When Too Much Data Is a Problem
Now that business have started moving to the cloud and processes have extended to the mobile web, what is the next step is to keep an eye on the moving pieces.
As application architecture advances and database technology evolves, data supervisors and their operations counterparts have had a hard time managing data volumes. This calls for a data-driven IT management practice. A centralized database performance monitoring platform monitors, manages, and optimizes database performance for every database type, wherever it resides. It offers a single-view operations tool that can maximizes the performance and the availability of database-driven applications and services.

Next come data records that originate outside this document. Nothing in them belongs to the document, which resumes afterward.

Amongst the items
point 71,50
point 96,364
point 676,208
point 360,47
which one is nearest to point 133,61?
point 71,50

How Companies Can Turn Data Into Intelligence
The objective of most big data initiatives is to transform how an organization accesses its data and utilizes it to capture better business insights. o enhance flexibility, open source technologies can be implemented. With centralized analytics, a single platform pulls in data from throughout the company and processes it into something meaningful. Companies can identify any areas of interest or conflict through a full-stack view of the operations.
The new breed of ITOA solutions do more than just interpreting data for companies to make decisions about the future, they can help businesses avoid potential catastrophes by sending targeted real-time warnings when any specific key performance indicator (KPI) deviates from the norm. They can capture,analyze and generate patterns to immediately identify irregularities for variables such as:
- Naturally occurring load or application usage patterns.
- IT infrastructure KPIs such as central processing unit (CPU) utilization, database storage levels, active connections.
- End-user application experience, such as responsiveness, slowness, availability.
Data is all around us and more accessible than ever. However, the enormous volume and complexity of the data has rendered many organizations unable to leverage its benefits. Operations analysis is a new generation of solutions that can interpret data volumes into useful business insights and deliver those insights to companies in real-time to help them achieve success.